Personal information
- Born: 27 February 1990 (age 36)

Sport
- Country: Belgium
- Sport: Archery
- Event: Compound

Achievements and titles
- Personal best: 597(WR)

Medal record
Women's compound archery
Representing Belgium
European Championships
| Gold medal – first place | 2021 Antalya | Mixed team |
| Gold medal – first place | 2016 Nottingham | Individual |
| Gold medal – first place | 2010 Rovereto | Team |
World Indoor Archery Championships
| Bronze medal – third place | 2016 Ankara | Individual |
European Indoor Championships
| Gold medal – first place | 2015 Koper | Individual |
| Silver medal – second place | 2017 Vittel | Individual |
World University Archery Championship
| Silver medal – second place | 2016 Ulaanbaatar | Individual |
Summer Universiade
| Bronze medal – third place | 2015 Gwangju | Mixed team |
Archery World Cup
| Gold medal – first place | 2014 Antalya | Mixed team |
| Silver medal – second place | 2019 Shanghai | Mixed team |
| Bronze medal – third place | 2013 Medellín | Mixed team |
| Bronze medal – third place | 2017 Shanghai | Individual |
| Bronze medal – third place | 2023 Medellín | Individual |

= Sarah Prieels =

Belgian archer (born 1990)

Sarah Prieels (born 27 February 1990) is a Belgian archer competing the women's compound events. She won the gold medal in the mixed team event at the 2021 European Archery Championships held in Antalya, Turkey.

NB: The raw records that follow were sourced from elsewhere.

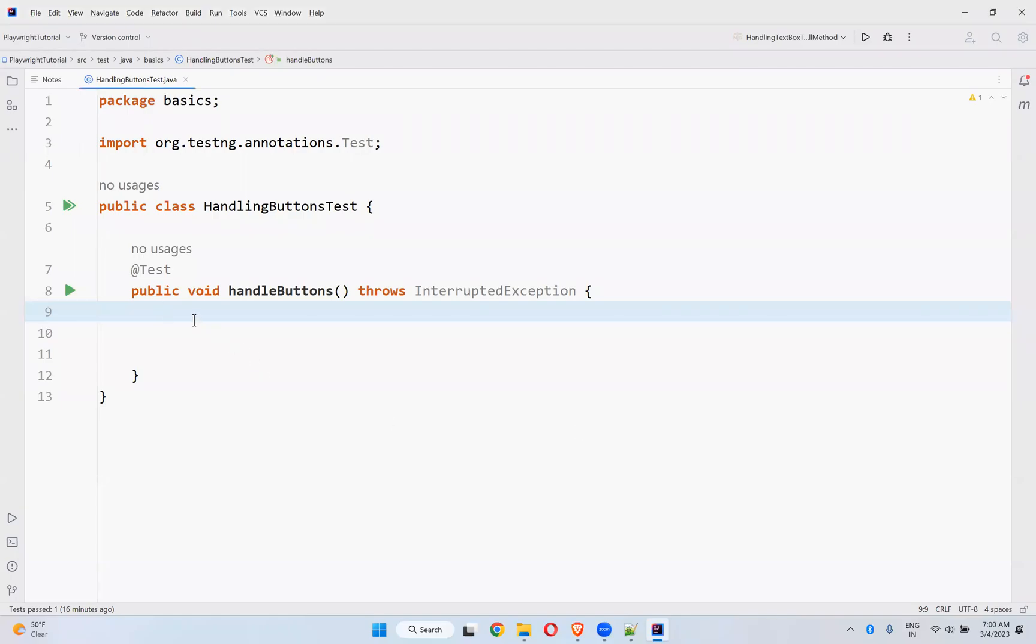Hi, in this video we will talk about handling buttons in Playwright.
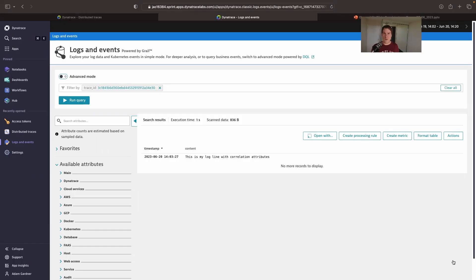So there you go. That's how to push a span and a logline and have them automatically correlated in Dynatrace. Thanks for watching and I'll see you again soon.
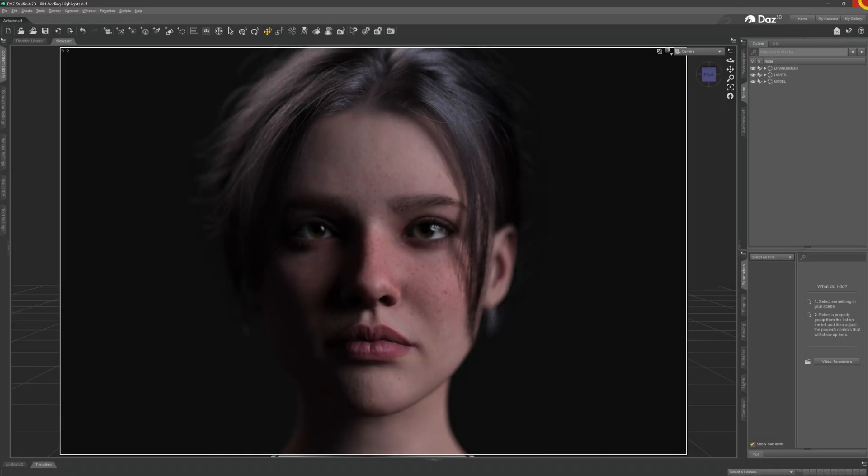In this video we're going to take a model with a dull flat skin and by adjusting a few surface settings add a little bit of depth, realism and a touch of life into it.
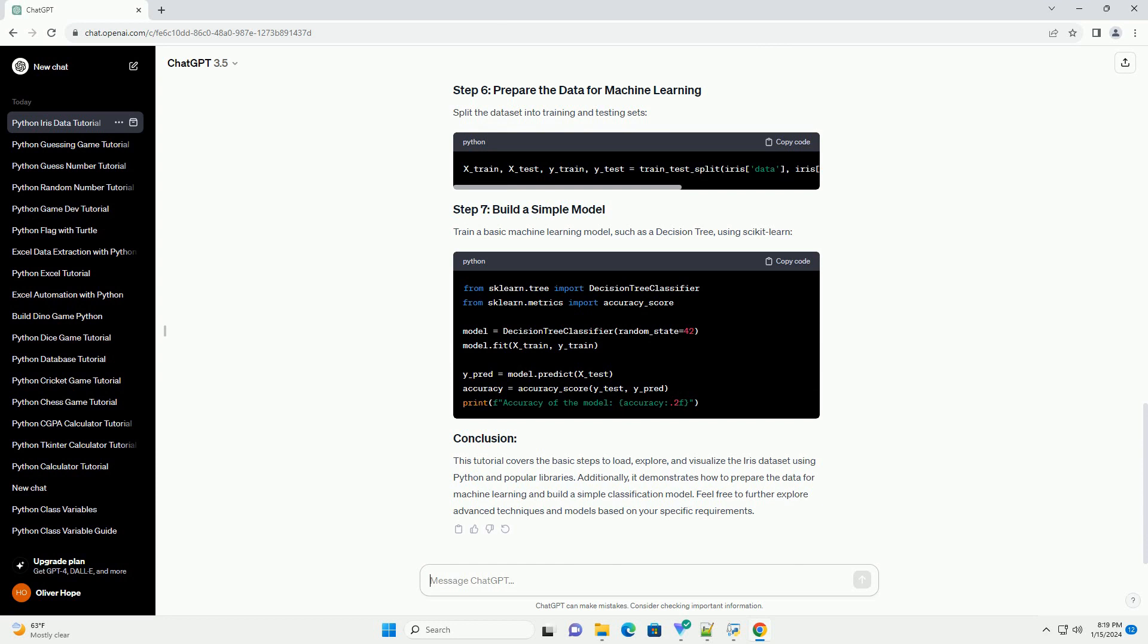This tutorial covers the basic steps to load, explore, and visualize the Iris Dataset using Python and popular libraries. Additionally, it demonstrates how to prepare the data for machine learning and build a simple classification model.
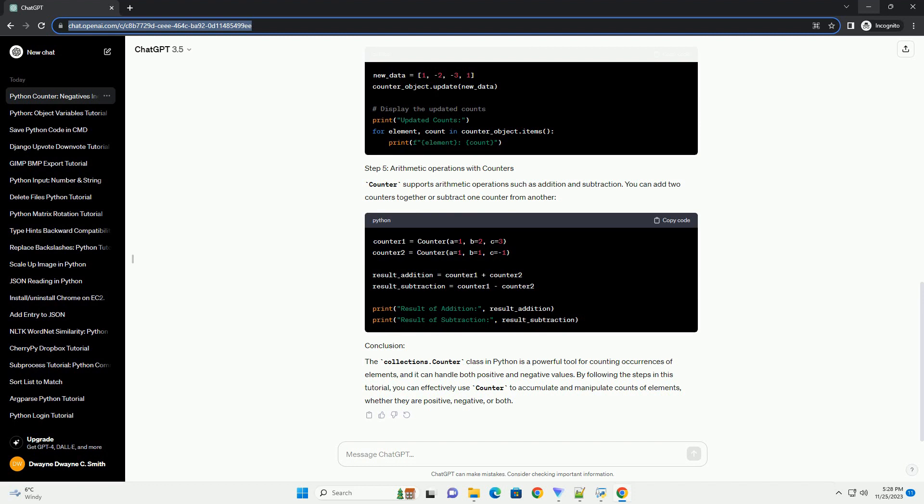Counter supports arithmetic operations such as addition and subtraction. You can add two counters together or subtract one counter from another.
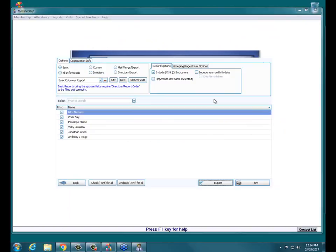That is essentially the no-attendance, no-giving report. Do you guys have any questions or issues with this?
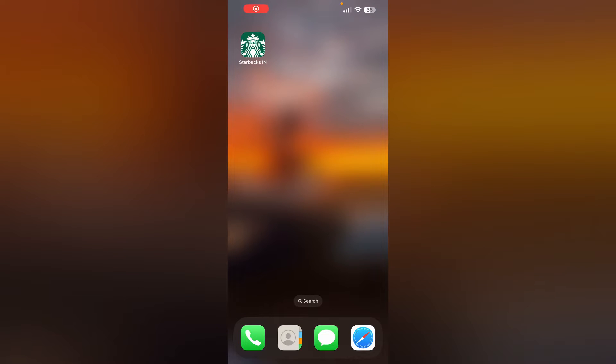Hello guys, welcome to another video in which we'll be discussing how to fix 'can't select your country' on the Starbucks app. Are you having trouble selecting your country on the Starbucks app? Don't worry, in this video we'll help you find a solution.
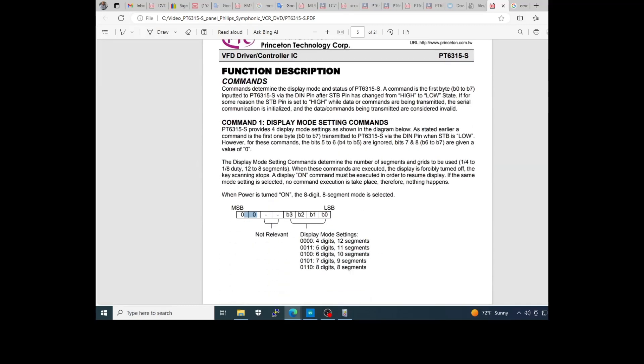And here you have the section of the commands. You can see command 1 to adjust the setting mode of display. It starts with 00 and has four digits to define the number of digits and segments. In this case, we are using in this panel set 7 digits and 9 segments.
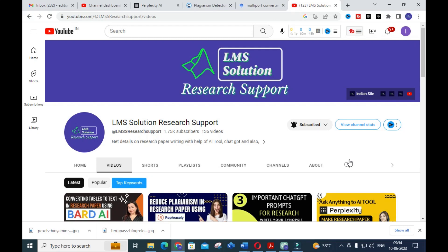Hello friends, welcome to LMS Solution Research Support. In this video we are going to discuss an important comparative analysis between two different AI tools. An AI tool which is considered equal to ChatGPT nowadays is called Perplexity AI. We already made a video on how to make a research paper using Perplexity AI. Here we are going to compare Perplexity AI with ChatGPT — which one is best for research article preparation, what is the content difference, how much plagiarism each gives, and what important options are available in these two tools regarding research.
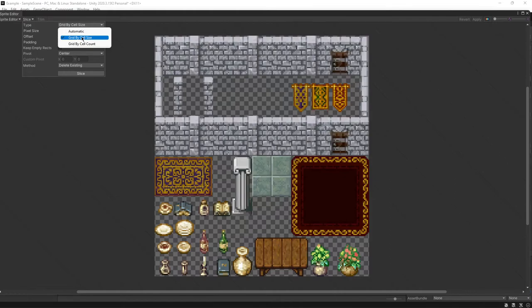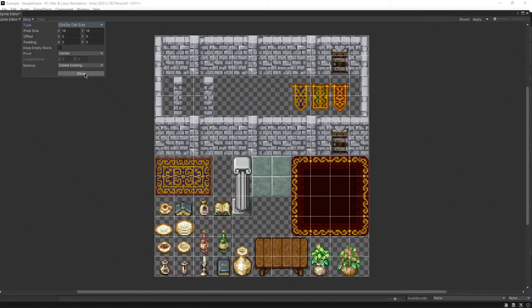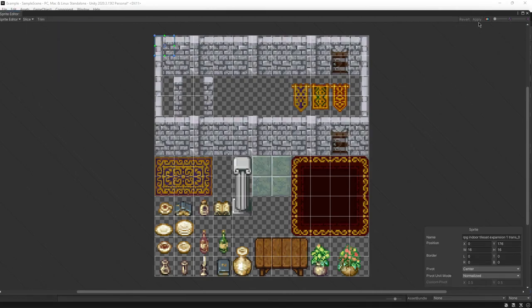Set the pixel size to whatever the resolution of one sprite is, then hit Slice. Finally, hit Apply in the top right and you're done.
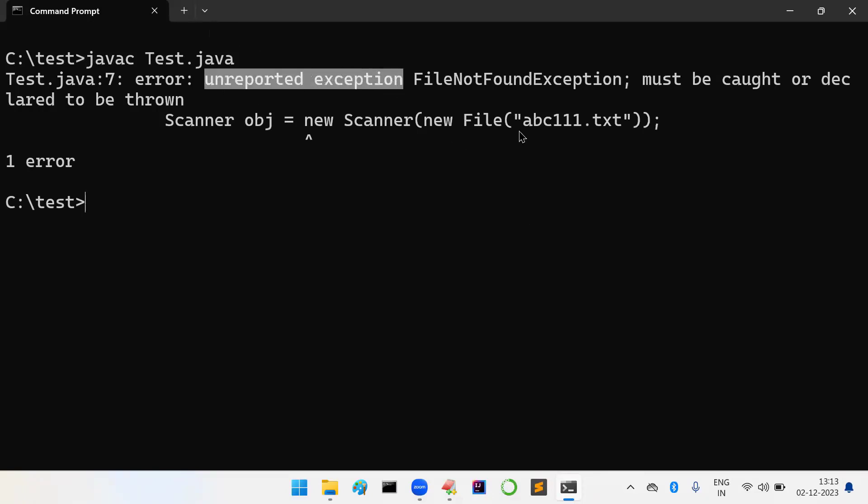If it is there, no problem. If it is not there, where is the corresponding handling code? If corresponding handling code is there, I will allow you to compile the program. Like that, compiler is going to give an error message.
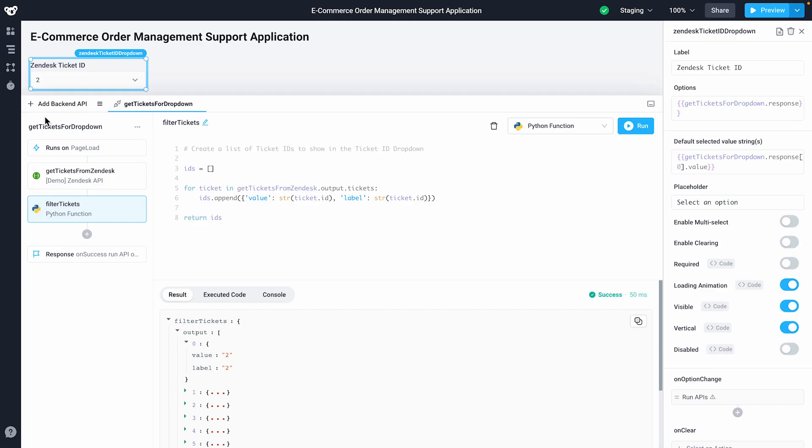UI components can render our backend API responses, like we see in the dropdown here. Backend APIs can be triggered on a page load or by a UI event, such as a button click, a dropdown option change, or even a row select in a table.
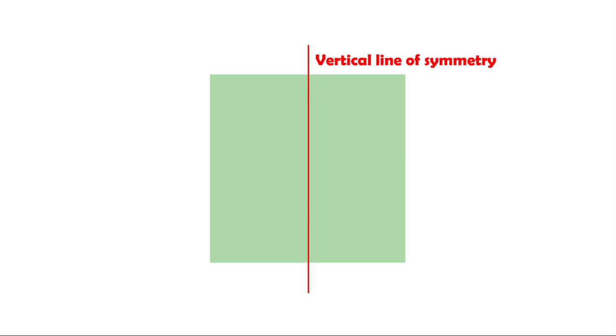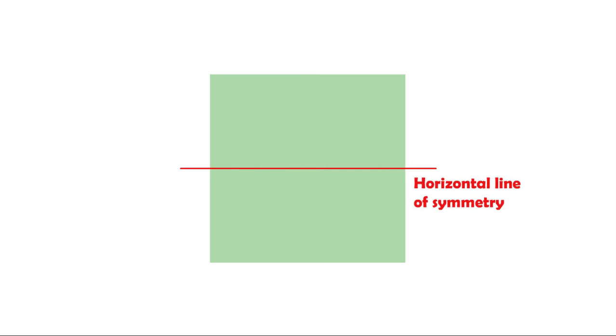The first line of symmetry is called a vertical line of symmetry, because it cuts the shape from top to bottom. While the second line of symmetry cuts the shape horizontally, from right to left. Therefore, it is called a horizontal line of symmetry.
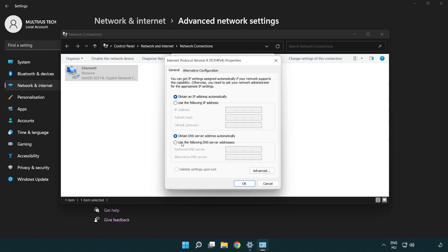Click use the following DNS server addresses. Type 8.8.8.8. Type 8.8.4.4.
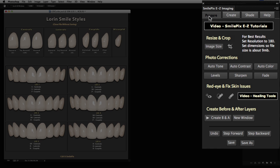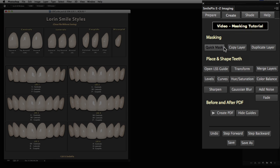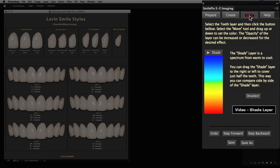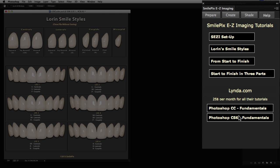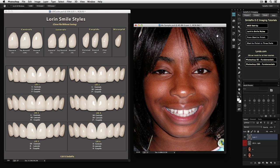The Prepare tab helps you get your photo ready for the simulation. The Create tab has most of the common commands you would use in the creation of the simulation, so you do not have to hunt all over Photoshop for the correct command. The Shade tab allows you to adjust the shade of your smile creation, and the Help tab has links to online tutorials.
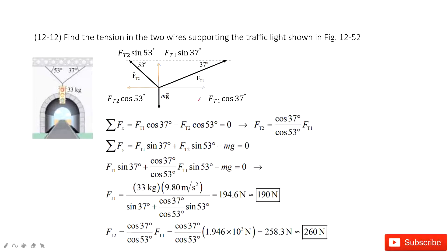In this one, if we want to keep the object balanced, we must satisfy two requirements. First, the net force is zero. Second, the net torque is zero.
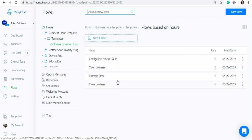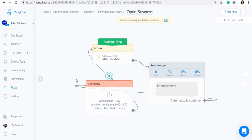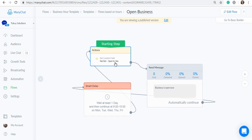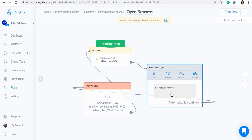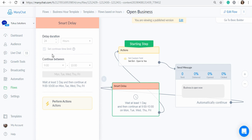These open and closed business flows are very similar. The open business flow starts with an action that sets the bot field to yes or true, and after that it sends a message saying the business is open, and after that message comes a smart delay. The key of this solution is here: the smart delay will wait 24 hours and then continue only between 9 to 10am on Monday, Tuesday, Wednesday, Thursday and Friday. So if this was executed on Friday at 9am, it waits 24 hours, but on the next 24 hours — Saturday — it won't continue. It will wait until Monday at 9am to set the custom field to true.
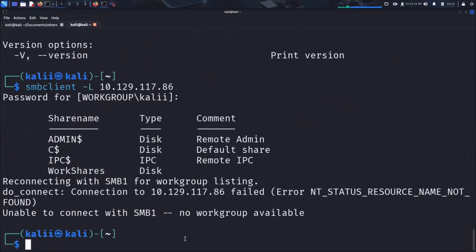And voila! Anonymous login worked, allowing us to list the available SMB shares on the target machine. As we can see, there are four shares available.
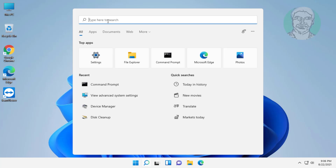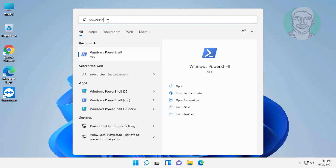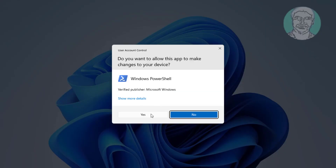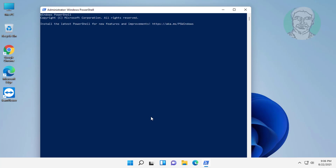Click the search icon, type PowerShell in the Windows search bar, right-click and run as administrator. Copy the command from the description and paste it.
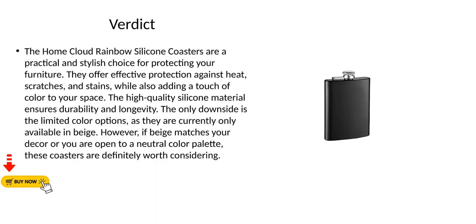Verdict: The Home Cloud Rainbow Silicone Coasters are a practical and stylish choice for protecting your furniture. They offer effective protection against heat, scratches, and stains, while also adding a touch of color to your space. The high-quality silicone material ensures durability and longevity. The only downside is the limited color options, as they are currently only available in beige. However, if beige matches your decor or you are open to a neutral color palette, these coasters are definitely worth considering.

In June 2019, Prieels competed in the women's individual compound event at the European Games held in Minsk, Belarus. In December 2019, she set a new world record for the women's 60-arrow 18-metre indoor ranking round with a total of 597 out of 600 points at the TRUBall/Axcel Roma Archery Trophy held in Rome, Italy.

Prieels competed at the 2022 European Indoor Archery Championships held in Laško, Slovenia. She represented Belgium at the 2022 World Games held in Birmingham, United States. She also competed at the 2023 European Games held in Poland.

== Family ==
She is the great-great-granddaughter of archer Hubert Van Innis, multiple Olympic champion.